まず大人としてこの映画を見た感想としては、中国の受験戦争の真っ只中にいる少年少女たちの、青春の歪(いびつ)さに驚愕した。まるで戦地に赴くモチベーションで入学試験に挑む兵士のような高校生たち。親も巻き込んだ生きるか死ぬかの世界だ。そんな中で、もしかしたらそんな中だからこそかも知れないが、いじめが起きる。作品内のいじめは本当にまともに見ることができないほど壮絶なもので、既に重大犯罪の域に入っているのだが、もっとも驚くべきところは、少年少女たちは若さ特有の純粋さをもって、いじめ、いじめられているというところであり、受験戦争においてもいじめにおいても、その純粋さの表現がしっかり成されているところに、この映画をカテゴリする際に真っ先に青春映画といってしまって差し支えない点がある。
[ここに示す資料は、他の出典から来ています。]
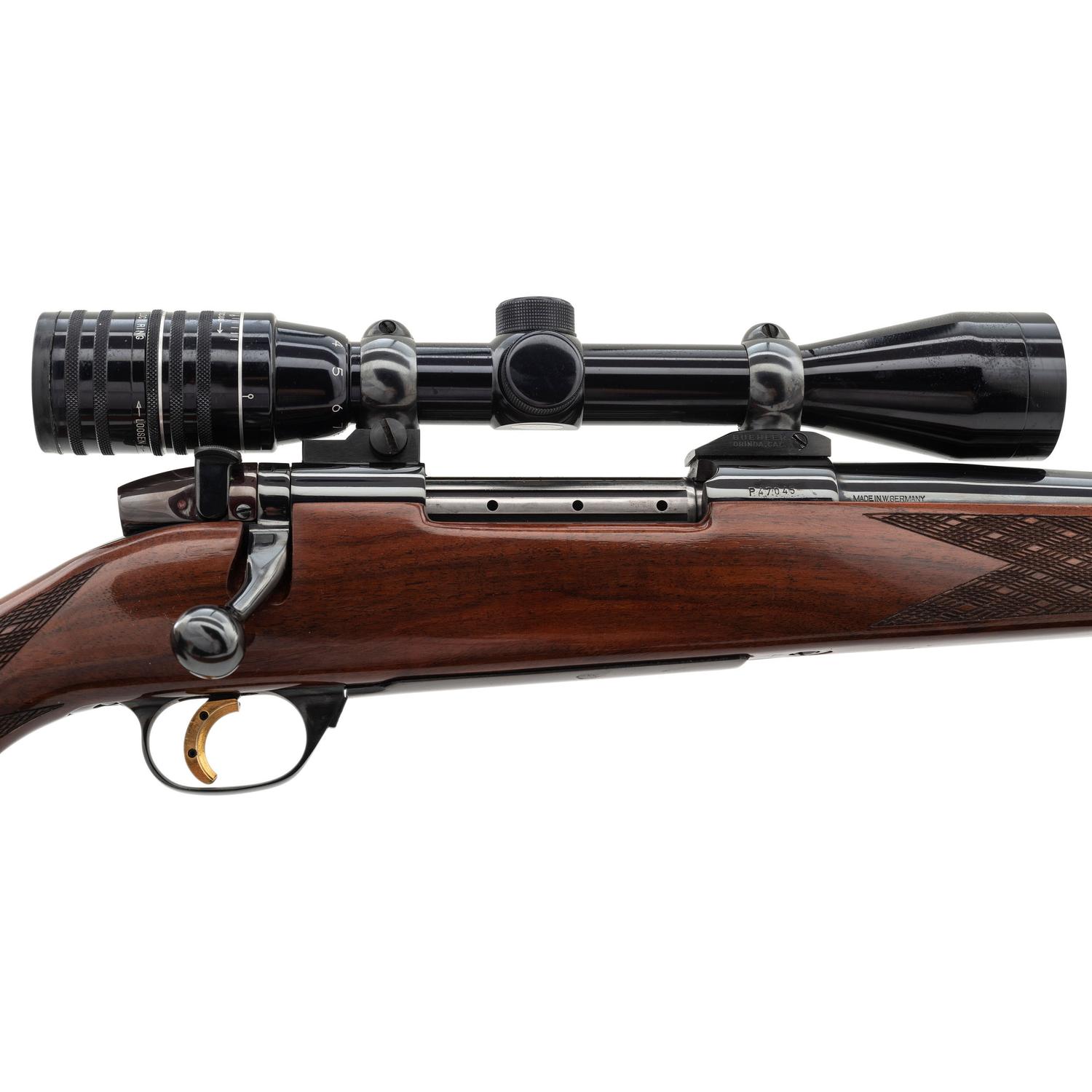 ** Weatherby Mark V Deluxe with Weatherby Scope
そして純粋な若者に対する責任の所在が大人にあることも、この作品ではしっかり表現されている。
一体子供がこれほど歪な青春時代を生きなければならなくなった社会を作り上げたのは、誰なのだろう?その社会で純粋に命を燃やす子供たちを、社会を作り上げた本人たちが、救ってあげなければいけない。ネタバレはなるべく避けるが、この映画の全編にわたって唯一ヒロインの立場を理解して救おうとしてくれるのは、不良グループの少年だけだ。母親はヒロインを愛しているし、心の支えになってはいるが生活をしていくことに精一杯だ。少年は不良らしさをもってヒロインを救おうとし、やがてヒロインと愛し合うようになる。しかしやはり純粋な子供だ。その行動は悲劇的な展開の呼び水になってしまう。大人として子供たちを社会的に正しく(あくまでも社会的に正しくだが)救えるかどうかは、この映画では、警察がその役目を背負っていて、社会的救済の象徴として描かれている。そしてそれが分かれば、映画の最後に紹介される社会的取り組みのナレーションで涙が止まらなくなるはずだ。映画の結末は内緒だが、この映画の制作陣をはじめ、子供を救おうとする大人は少なからずとも確かにいる。
ヒロインと愛し合う少年との関係は本当に美しく強い。二人の関係性だけを見るだけでも、この映画は見る価値がある。青春映画はたくさん見たがオールタイム・ベストの映画になりました。米国アカデミー賞にノミネートされたらしいが、是非受賞してほしい。オススメの映画です。